Discovery: Louis Eisner



Louis Eisner and his friend Nick Darmstaedter grew up together and attended high school a block away from Bergamot Station, a gallery complex in Santa Monica, California, where they frequently ate lunch at the cafe. There, they initially schemed ways to leave their marks at one of the galleries next door. In 2005, before leaving for university, the two friends succeeded in presenting their group exhibition at Frank Pictures. College and stints in New York behind them, this weekend the two return to the gallery that first hosted them, presenting “Ain’t,” a group show that includes many of the same peers they included five years ago.

Growing up, Eisner had natural exposure to art—his mother is photographer Lisa Eisner. So when he moved to New York in 2006, he applied for an internship at Sotheby’s, and got it. It’s at the auction house (and under the tutelage of the flamboyant Tobias Meyer) that he was introduced to the history of art. A year later, Eisner interned at Deitch Projects, and focused on an Art History degree at Columbia University. After graduating, he moved back to LA, and is putting what he learned to use: curating, painting (currently dinosaurs), and collaborating with a group of young artists who go under the moniker Stillhouse. Formed in 2008, the semi-collective group is made up of a rotating cast of a dozen young artists, who produce their own exhibitions, challenge each other in studio environments and present “the work currently being made.” Louis likes putting on exhibitions just as much as he enjoys talking about them with his viewers. Playing the “dealer” role in Stillhouse, he invites collectors and walks them through the shows.
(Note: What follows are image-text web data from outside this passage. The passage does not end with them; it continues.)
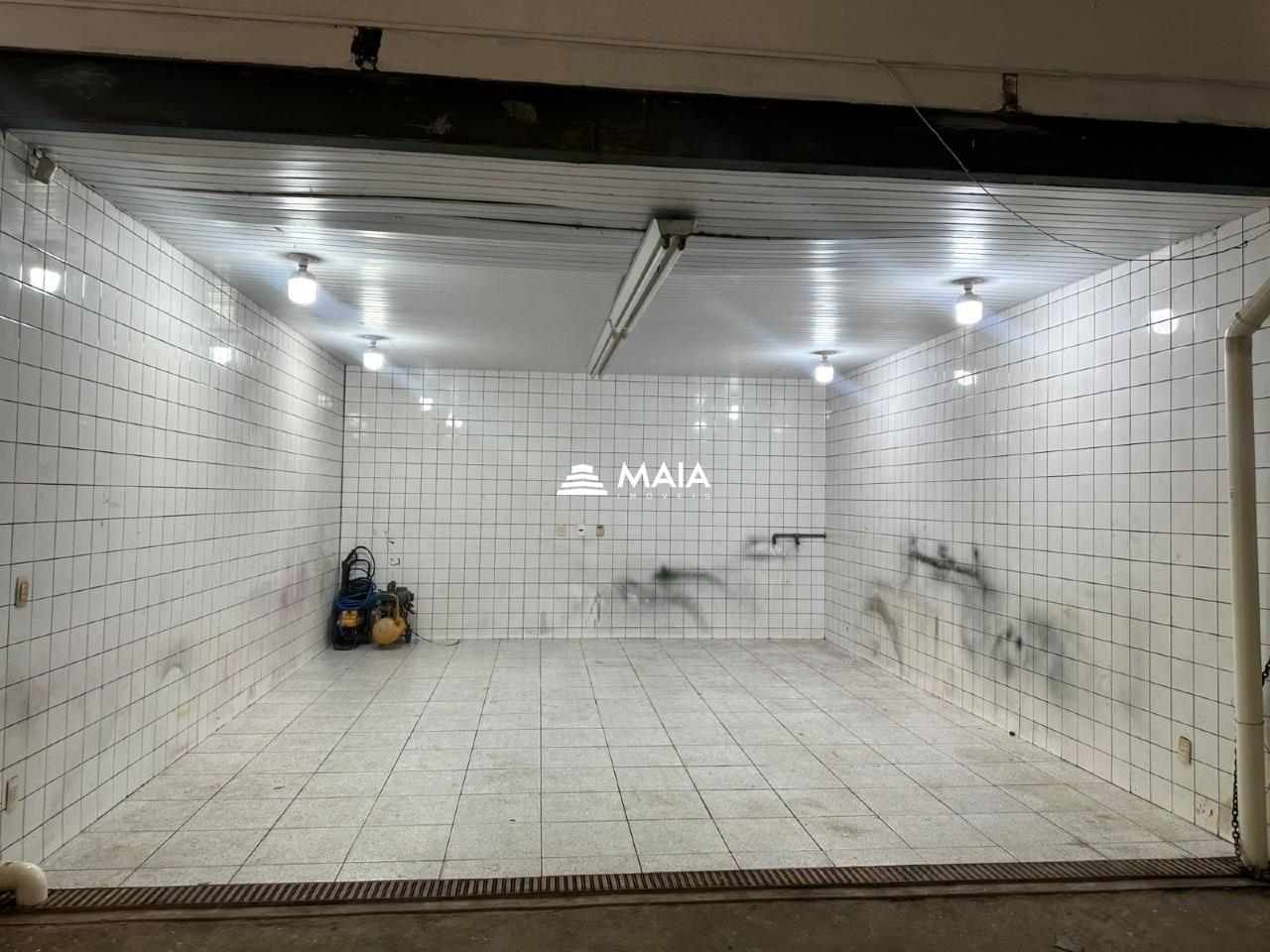 Galpão para aluguel no Lourdes: 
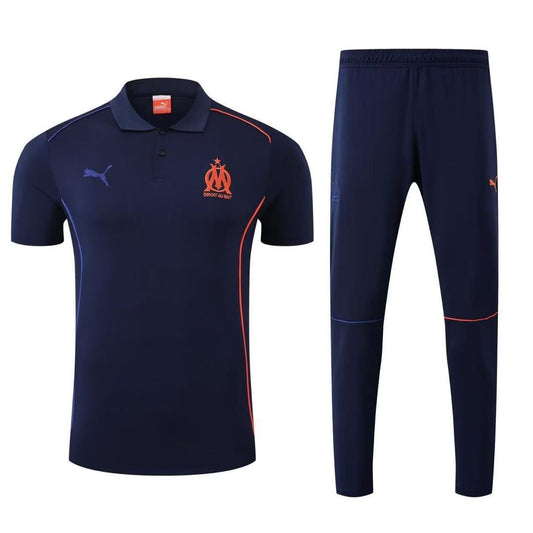 Survêtement Olympique de Marseille Puma 2025/2026 – polo et pantalon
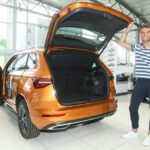 Muž roku 2022 získal Škodu Karoq Sportline z Autostylu Trutnov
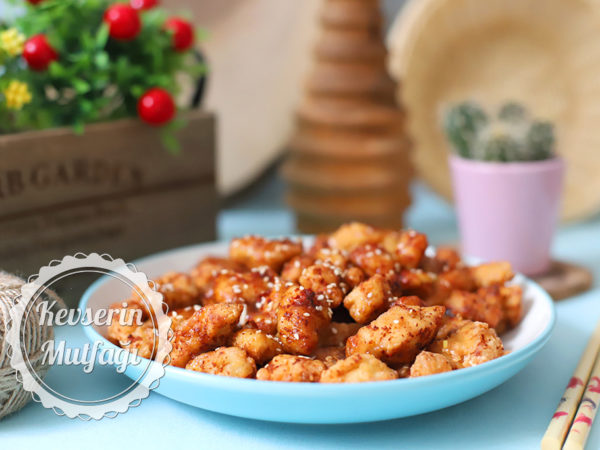 General Tso Chicken Tarifi
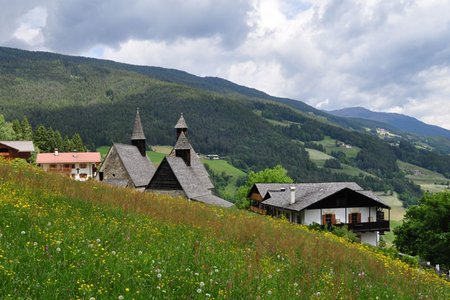 Bad Dreikirchen von Barbian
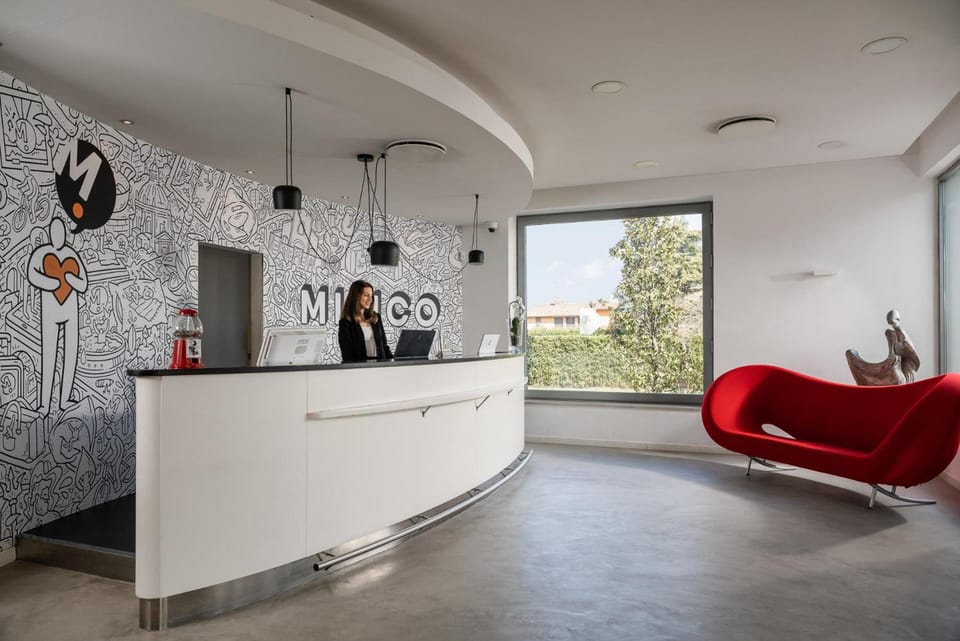 Mitico Hotel & Natural Spa Hotel in Bologna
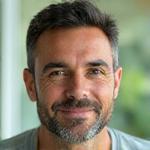 Portrait of Mark Rodriguez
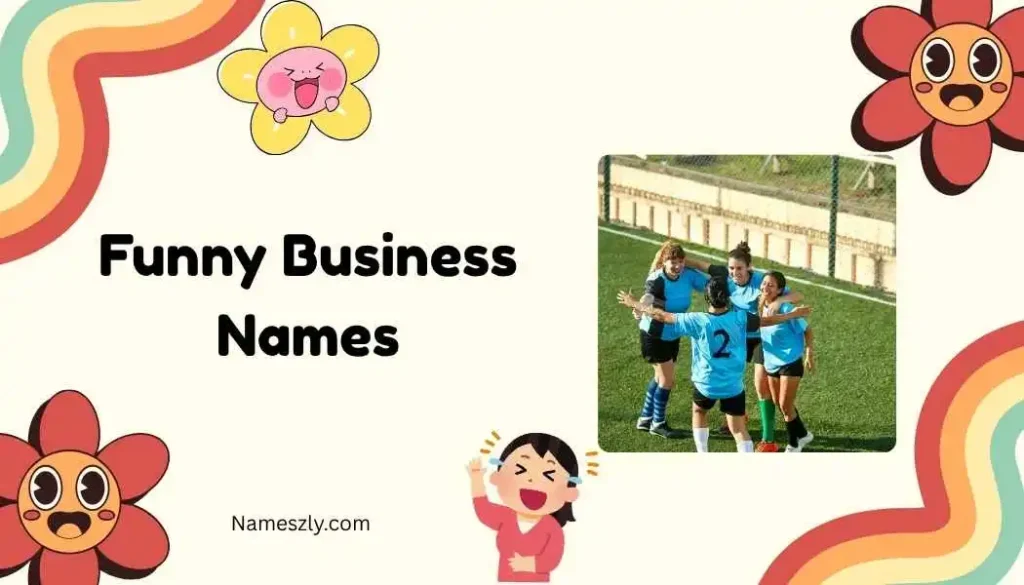 Funny Health and Fitness Names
Last year, Stillhouse occupied an abandoned floor at the defunct Department of Transportation in Tribeca and organized an exhibition entitled While it Lasts, to conclude their unique eight-month residency. For the show, Louis made a semi-abstract diptych painting. It was inspired by the florescent lights that spotlit a linen canvas he had hung on the wall. Currently, he’s working on new series inspired by a dinosaur history class he took during his last semester. Eisner became captivated by the paintings in the textbooks “and their obsoleteness; now proven inaccurate hypotheses of their environments and characteristics, as well as the impressionistic style they are rendered in.” Louis will continue this project in Wyoming in the coming months, which is where his family is originally from, “but also where many of the dinosaurs lived during their lives.” And his perfect exhibition space for them? “The Explorer’s Club in New York.”